Who are the secret keepers? Follow Reuben as he embarks on the adventure of a lifetime. Fans of The Lord of the Rings and The Mysterious Benedict Society will enjoy this book.

This review originally appeared at The Clarion Ledger.

Lemuria Books has signed copies of The Secret Keepers, and they do ship!

Friday, October 14, 2016

The Darkest Dark by Chris Hadfield, Illustrated by The Fan Brothers

You may recognize The Fan Brothers from their debut picture book, The Night Gardener, which was published in February of this year. Here, they illustrate the story of astronaut Chris Hadfield as a young boy. When Hadfield was a young child, all he wanted to be was an astronaut.
“When it was time to take a bath, he told his mother, “I’d love to, but I’m saving the planet from aliens.”
The Fan Brothers illustrate a young Hadfield with an adorable pug dog named Albert as they use their imagination to fight aliens and fly to Mars in a bathtub. But have you ever heard of an astronaut afraid of the dark? As a young child dreaming of becoming an astronaut, Hadfield was afraid of the dark.
It seemed like his dream was going to be impossible. In the summer of 1969, a young Hadfield eagerly awaited a very special event. The neighbors all gathered around the television to watch the moon landing of Apollo 11. As the astronauts jumped up and down for joy on the small tv screen, Chris noticed something.
“He’d never really noticed how dark it was there.
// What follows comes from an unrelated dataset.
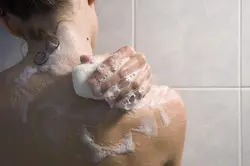 Мытье в ванной фото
Outer space was the darkest dark ever.”
Watching the moon landing changed his world. “He wanted to explore every corner of the night sky.” The budding astronaut was no longer scared of the dark, and he was ready to chase his dreams.
Chris Hadfield writes in the afterwards, "The dark is for dreams—and morning is for making them come true." 
This book is a gorgeous exploration of conquering fears, dreaming dreams, and making those dreams come true.